# [WORK ORDER]
Your copy of the listing should match it exactly, only without pictures.

# [SUPPLIED MATERIAL]
★ ★ ★ ★ ★ ★ ★

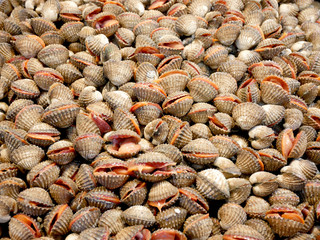 Fresh blood cockle or blood clam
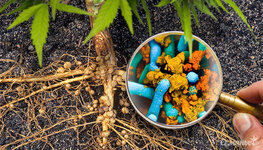 ispolzovanie-rizobakteriy-dlya-vyrashchivaniya-konopli__K42Hfu2SaE2kVNO6.jpg ispolzovanie-rizobakteriy-dlya-vyrashchivaniya-konopli__K42Hfu2SaE2kVNO6.jpg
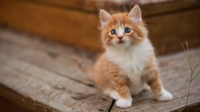 Cats_Kittens_Ginger_color_557927_2560x1440.jpg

★ ★ ★ ★ ★ ★ ★

# [TASK RESPONSE]
 Fresh blood cockle or blood clam
 ispolzovanie-rizobakteriy-dlya-vyrashchivaniya-konopli__K42Hfu2SaE2kVNO6.jpg ispolzovanie-rizobakteriy-dlya-vyrashchivaniya-konopli__K42Hfu2SaE2kVNO6.jpg
 Cats_Kittens_Ginger_color_557927_2560x1440.jpg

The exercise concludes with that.